С верхних нар ребята посыпались горохом.
Казарма опустела. Мордан сказал Шпрынке:
— Едва ль казаки к нам пристанут — спроси-ка Кудряша. Он видел, как казаки студентов лупцовали — господ бьют…
— Верно! — подтвердил Кудряш…
— Чудаки! — возразил Шпрынка — то и есть, что господа. А нас не тронут.
— Поглядим…
Дыша, как конь с запалом, в артель вбежал с лестницы Батан. У него в руке листок. Он сунул его в руку Шпрынки.
— У конторы с забора сорвал!..
Это было объявление за подписью Морозова и Дианова, чтобы ткачи шли за расчетом. Штрафы хозяин обещал скостить, кроме вычета за прогул. Вновь будут приняты только те из рассчитанных, кто согласится на старый расценок 1-го октября 1884 года.
— Кто клеит-то? Кривой Соловей? — быстро спросил Шпрынка, прочитав объявление.
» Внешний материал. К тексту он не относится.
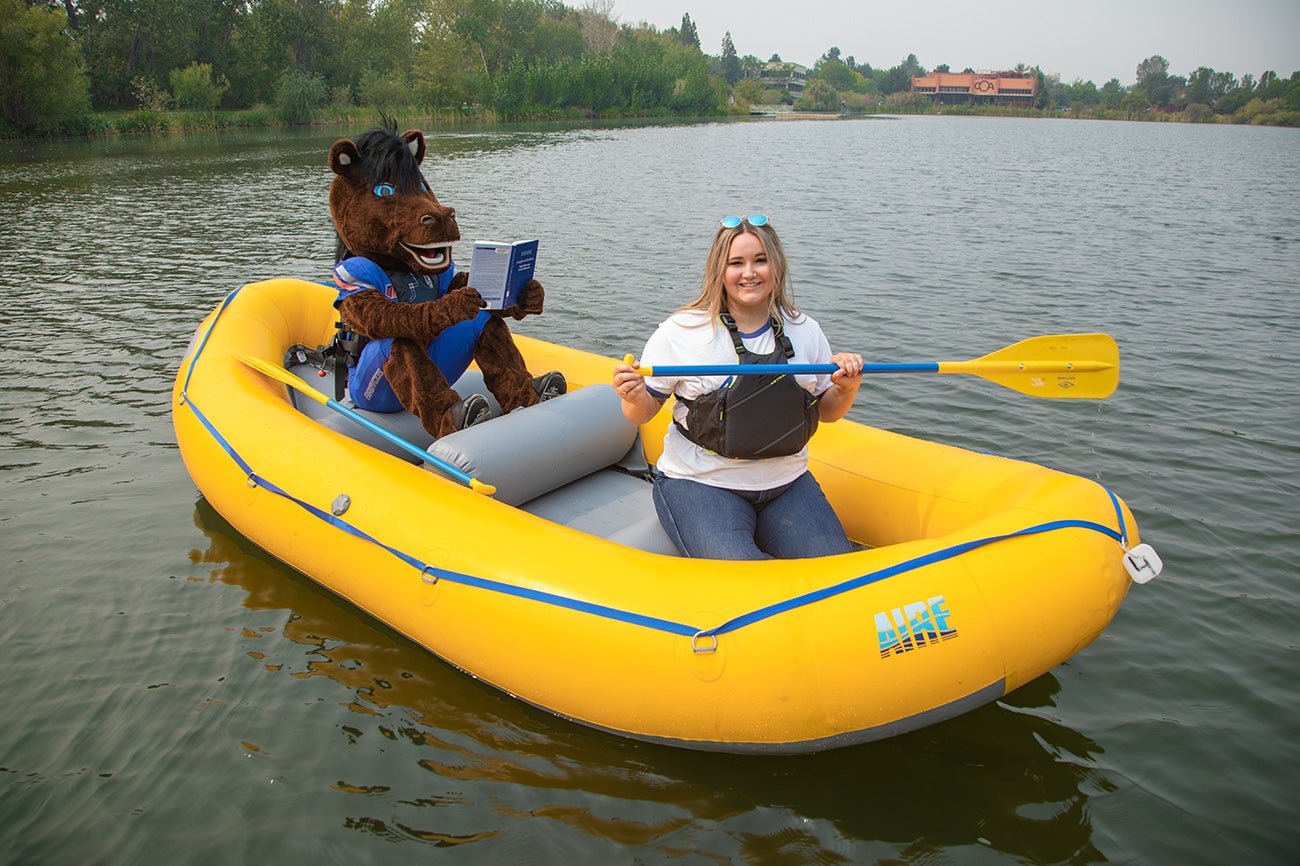 Student and Buster Bronco in a raft.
— Кривой. По всем дворам пошел с ведеркой и мазилкой.
— Народ-то что?
— Да он мало еще успел наклеить. Кто читал — тут же народу говорят: надо становиться на работу, будет бунтовать…
— Беги, Батан, к Конфсеву — отдай листок Волкову иль Щербакову, а сам вали назад…
— Понёс!
— Братцы — сколько нас. Мордан, ты оставайся тут. А мы с Кудряшем пойдем посмотрим, что Кривой — где клеит. Ты тут дежурь — если Анисимыч придет, скажи, что я одним духом вернусь.
Выйдя на лестницу с Кудряшем, Шпрынка остановился и что-то начал шептать Кудряшу на ухо. Кудряш смеялся и кивал.
Кривого Соловья, старика, держали при главной фабричной конторе для разных мелких работ… Один глаз у Кривого Соловья вытек в детстве от оспы. А теперь и вторым глазом Кривой стал плохо видеть, но очень строго это ото всех скрывал, чтобы не прогнали, — напротив, любил прихвастнуть, что одним глазом смотрит не хуже, чем иные в оба.
Кривой, ковыляя по узенькой тропинке, пробитой в свежем снеге, шел со двора на двор… Остановился у мотальной, ведро поставил на тропинку и, намазав на фонарном столбе аккуратно по формату объявления квадрат, стал раскатывать из трубки по намазанному месту листок.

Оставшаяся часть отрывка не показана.